Phew! It took me ten minutes of reading, but I finally found someone with the same reaction I had.

In my case, I had to stop listening right toward the end of the scene in the root cellar. I spent the rest of the day wondering what Mrs Sloan was up to --- she seemed pretty eager to get Judith underground and chopping up the roots, but she didn't seem so eager to keep going once she started. Judith, though, grew more and more eager to keep going, yet she'd only had the afternoon (as opposed to Mrs Sloan's decades) to turn against her man. I figured there was a twist coming: Mrs Sloan was actually the source of the magic (?) and she was about to turn Judith into one of the naked girls in the photo. I half expected the root cellar to be the sort of cellar deranged people have in Austria.
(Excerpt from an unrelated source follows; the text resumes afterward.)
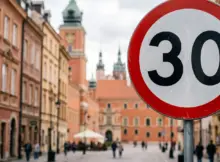 Znak ograniczenia prędkości do 30 km/h. Ograniczenie do 30 wprowadzono już m.in. na Starym Mieście.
Next day, I get a chance to listen to the end of the story. It turned out that Mrs Sloan must have simply been tired after hacking the roots for a while. When she got home, though, her strength returned and she was about to continue the hacking on her husband, but Judith decided it was time to leave the men alone and stopped Mrs Sloan. Then she rings her mum with the apology and soliloquy about loving someone even after you're not in-love any more.

Man, was that a let down. I can understand the love story. Unfortunately, it completely deflated the horror we were all sensing --- I mean, who was waiting for the tense stand-off when the men confront the women about what they tried (and presumably failed) to do?

I think it's beautiful that she chooses to stay with her weirdly hirsute man and his eight inch navel. I think it's sad she stayed with him when he was so willing to deceive her.* I just hope he's able to put his ways behind him for the good of the relationship. Experience tells me, though, it won't happen. There's plenty of room here for a sequel.

--
*On the subject of being deceptively sexy, I posted this to the Drabblecast forum recently. It's not related, but I kept thinking about it when I heard this story.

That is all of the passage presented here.